06-21-12: Onhwy61
You can't count on many speakers to make meaningful bass below 50 Hz.
Way too broad a generalization.
Really? I've been in audio for 43 years and worked in retail for awhile. I've listened to countless speakers and read countless speaker reviews that include response curves. In most ported stand-mounted speakers, there is a 5-10 dB hump around 80-100 Hz that drops off rapidly below that. If you reference the bass response to 1000 Hz, it's often down 10-15 dB at 50 Hz. Naturally, the bass response on floorstanders will be better, but for the small footprint towers, not really by that much. Mostly it buys better sensitivity.

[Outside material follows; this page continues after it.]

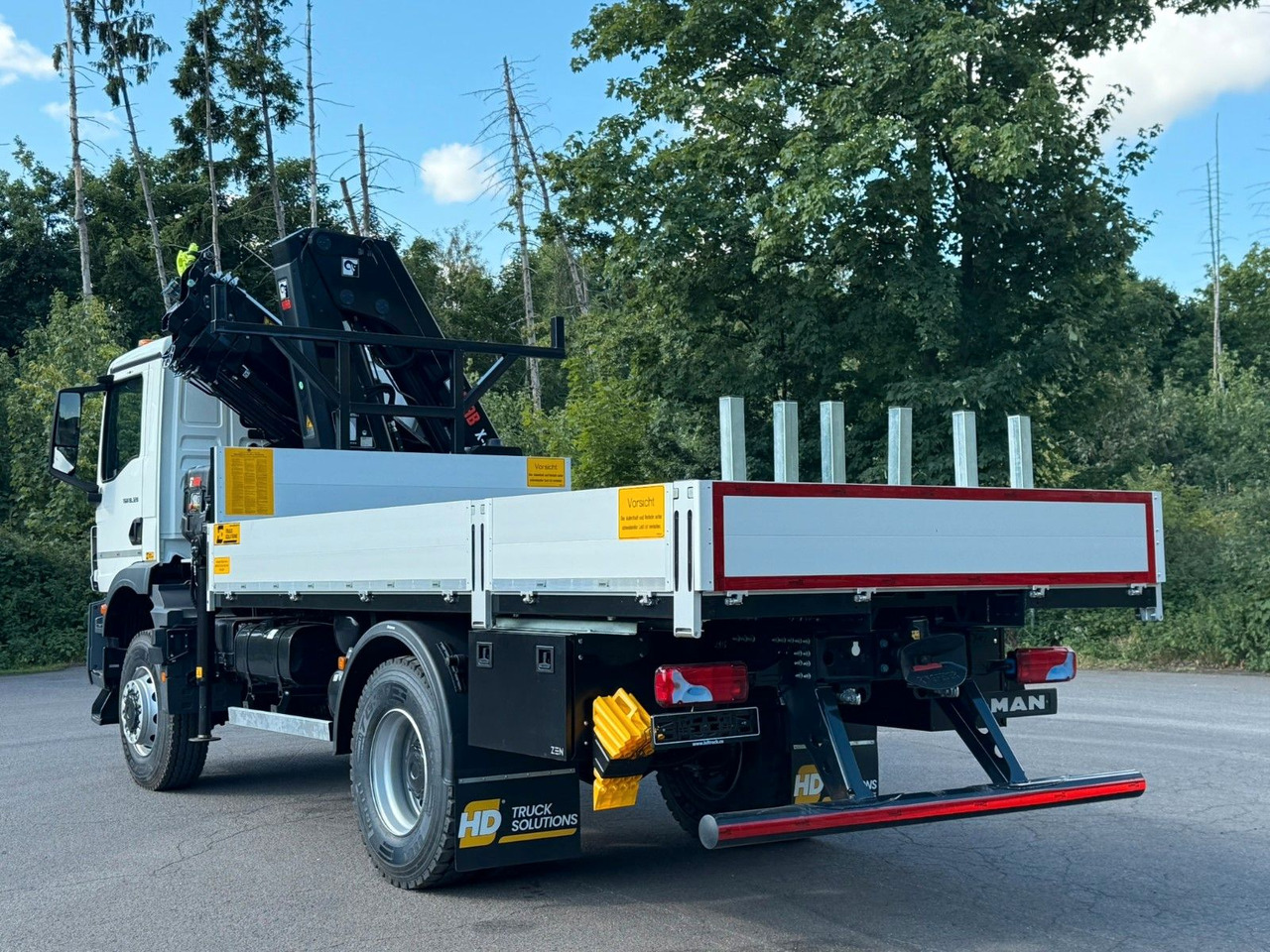 MAN TGM 18.320 4x4 Hiab 228-4 Kran - Kraanaga veoauto: pilt 5 MAN TGM 18.320 4x4 Hiab 228-4 Kran - Kraanaga veoauto: pilt 5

Only when you get into the larger and waaay more expensive floorstanders (and bigger stand-mounts like the stand-mounted TAD do you get serious bass below 50 Hz, and that select group IS NOT most speakers. Most speakers include all the junk that passes for hi-fi and the fact that mini-monitors far outnumber floorstanders.
(JohnnyB53)
I'd say just about *any* loudspeaker would benefit from the right pair of subs properly blended.
(Onhwy61)
Benefit to a bass obsessed audiophile - yes. Required or needed for music reproduction - no.
Bass obsession has nothing to do with it. If the subs are properly blended, they won't particularly excite the bass-obsessed. What they *will* do is provide a more linear extension through the musical frequencies to energize the listening area uniformly--more like a live concert--and reproduce very low frequency resonances of the original recording venue. In a symphonic concert hall this spectrum has a profound effect on the crackling excitement of in-room energy, even before the conductor raises his baton. This audible room energy separates listening to live orchestral music from what most people can listen to at home--unless they have sub(s) that go to 20 Hz or below.
If you look around, you'll find reviews of powerful subs with sub-20Hz response that add soundstage and room acoustics to recordings of solo guitar--which by itself reaches only down to 80 Hz.